Task requirements – Nothing but the records, transcribed verbatim and stripped of images, should appear in the answer.

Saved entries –
· · · ·

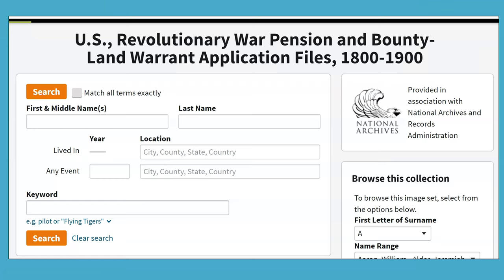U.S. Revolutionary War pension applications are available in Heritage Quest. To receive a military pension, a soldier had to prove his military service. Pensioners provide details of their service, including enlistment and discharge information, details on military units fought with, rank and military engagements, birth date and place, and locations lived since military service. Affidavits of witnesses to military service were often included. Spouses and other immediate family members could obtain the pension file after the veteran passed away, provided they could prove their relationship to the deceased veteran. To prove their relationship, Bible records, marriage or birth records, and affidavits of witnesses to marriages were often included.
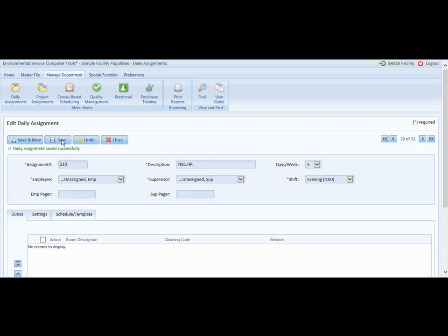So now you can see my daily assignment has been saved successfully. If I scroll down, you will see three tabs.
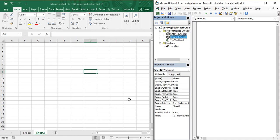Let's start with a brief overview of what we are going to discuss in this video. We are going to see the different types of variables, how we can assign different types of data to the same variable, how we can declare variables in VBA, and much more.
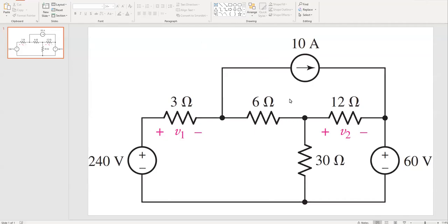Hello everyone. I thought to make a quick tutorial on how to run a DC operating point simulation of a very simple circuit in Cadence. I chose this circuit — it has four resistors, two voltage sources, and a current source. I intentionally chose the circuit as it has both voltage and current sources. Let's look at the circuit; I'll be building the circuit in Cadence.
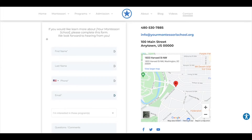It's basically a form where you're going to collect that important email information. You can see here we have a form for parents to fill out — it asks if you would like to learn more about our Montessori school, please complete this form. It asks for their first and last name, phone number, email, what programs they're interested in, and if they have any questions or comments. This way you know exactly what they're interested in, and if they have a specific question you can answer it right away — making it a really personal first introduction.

· · · ·

Exercise result –
U.S. Revolutionary War pension applications are available in Heritage Quest. To receive a military pension, a soldier had to prove his military service. Pensioners provide details of their service, including enlistment and discharge information, details on military units fought with, rank and military engagements, birth date and place, and locations lived since military service. Affidavits of witnesses to military service were often included. Spouses and other immediate family members could obtain the pension file after the veteran passed away, provided they could prove their relationship to the deceased veteran. To prove their relationship, Bible records, marriage or birth records, and affidavits of witnesses to marriages were often included.
So now you can see my daily assignment has been saved successfully. If I scroll down, you will see three tabs.
Let's start with a brief overview of what we are going to discuss in this video. We are going to see the different types of variables, how we can assign different types of data to the same variable, how we can declare variables in VBA, and much more.
Hello everyone. I thought to make a quick tutorial on how to run a DC operating point simulation of a very simple circuit in Cadence. I chose this circuit — it has four resistors, two voltage sources, and a current source. I intentionally chose the circuit as it has both voltage and current sources. Let's look at the circuit; I'll be building the circuit in Cadence.
It's basically a form where you're going to collect that important email information. You can see here we have a form for parents to fill out — it asks if you would like to learn more about our Montessori school, please complete this form. It asks for their first and last name, phone number, email, what programs they're interested in, and if they have any questions or comments. This way you know exactly what they're interested in, and if they have a specific question you can answer it right away — making it a really personal first introduction.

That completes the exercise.